HOW TO COMPLETE THIS TASK |
Beginning with the line below that contains "Acciaio Bronzato Amig" and ending with the line that contains "Electric Gate Repair", copy every line exactly. Copy nothing else.

INFORMATION SHOWN |

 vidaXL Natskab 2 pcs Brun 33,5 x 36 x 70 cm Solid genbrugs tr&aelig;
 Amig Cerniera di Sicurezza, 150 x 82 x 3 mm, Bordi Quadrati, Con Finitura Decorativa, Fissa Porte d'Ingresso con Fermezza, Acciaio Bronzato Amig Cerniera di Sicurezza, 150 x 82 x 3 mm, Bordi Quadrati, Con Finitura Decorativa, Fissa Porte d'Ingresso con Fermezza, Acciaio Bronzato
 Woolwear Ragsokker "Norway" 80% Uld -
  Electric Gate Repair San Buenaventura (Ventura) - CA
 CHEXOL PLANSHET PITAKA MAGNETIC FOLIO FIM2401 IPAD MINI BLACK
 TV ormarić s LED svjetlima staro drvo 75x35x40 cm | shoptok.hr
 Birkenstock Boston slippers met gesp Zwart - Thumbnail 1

---

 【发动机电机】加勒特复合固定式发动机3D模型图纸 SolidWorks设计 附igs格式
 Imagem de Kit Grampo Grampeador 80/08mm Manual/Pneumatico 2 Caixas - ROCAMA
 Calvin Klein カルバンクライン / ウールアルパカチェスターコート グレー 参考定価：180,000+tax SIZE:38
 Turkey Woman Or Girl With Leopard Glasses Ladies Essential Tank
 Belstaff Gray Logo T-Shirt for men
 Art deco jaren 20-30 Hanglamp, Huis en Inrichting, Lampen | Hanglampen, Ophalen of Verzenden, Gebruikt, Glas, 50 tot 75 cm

...

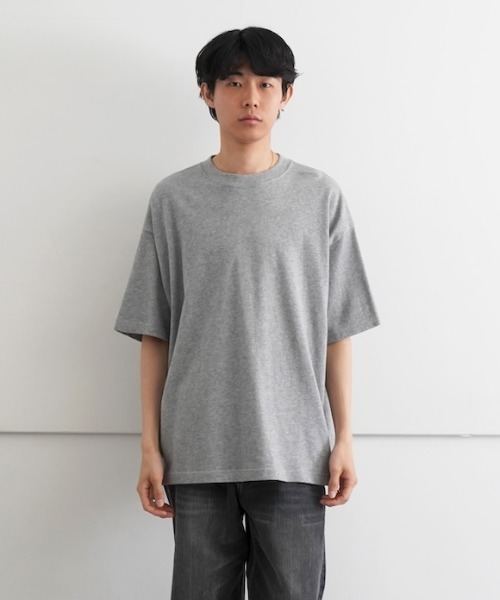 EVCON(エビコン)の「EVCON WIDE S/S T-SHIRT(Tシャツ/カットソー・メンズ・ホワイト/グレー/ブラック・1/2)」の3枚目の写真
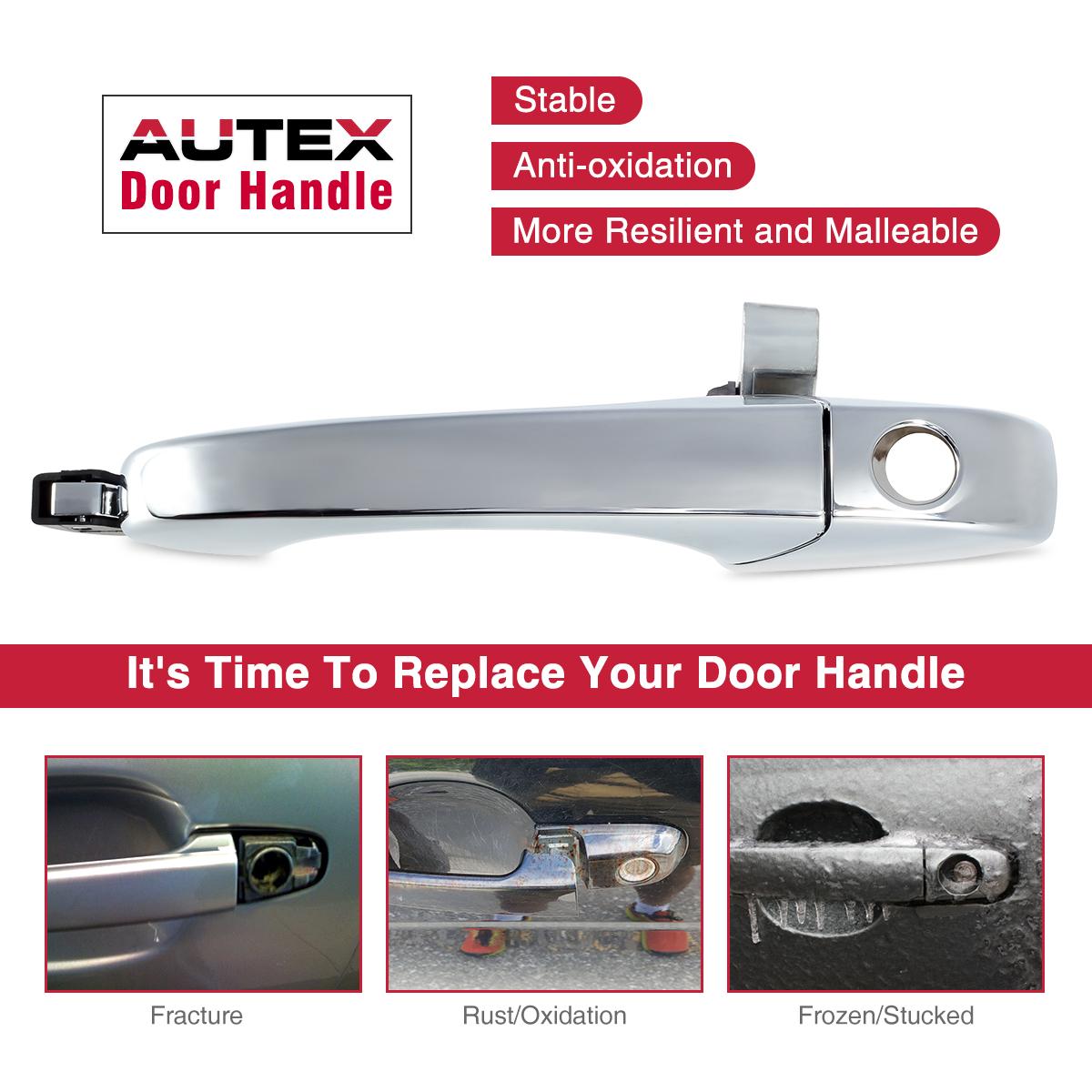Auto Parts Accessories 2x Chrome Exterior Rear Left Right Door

SOLUTION TO THE PROBLEM |
 Amig Cerniera di Sicurezza, 150 x 82 x 3 mm, Bordi Quadrati, Con Finitura Decorativa, Fissa Porte d'Ingresso con Fermezza, Acciaio Bronzato Amig Cerniera di Sicurezza, 150 x 82 x 3 mm, Bordi Quadrati, Con Finitura Decorativa, Fissa Porte d'Ingresso con Fermezza, Acciaio Bronzato
 Woolwear Ragsokker "Norway" 80% Uld -
  Electric Gate Repair San Buenaventura (Ventura) - CA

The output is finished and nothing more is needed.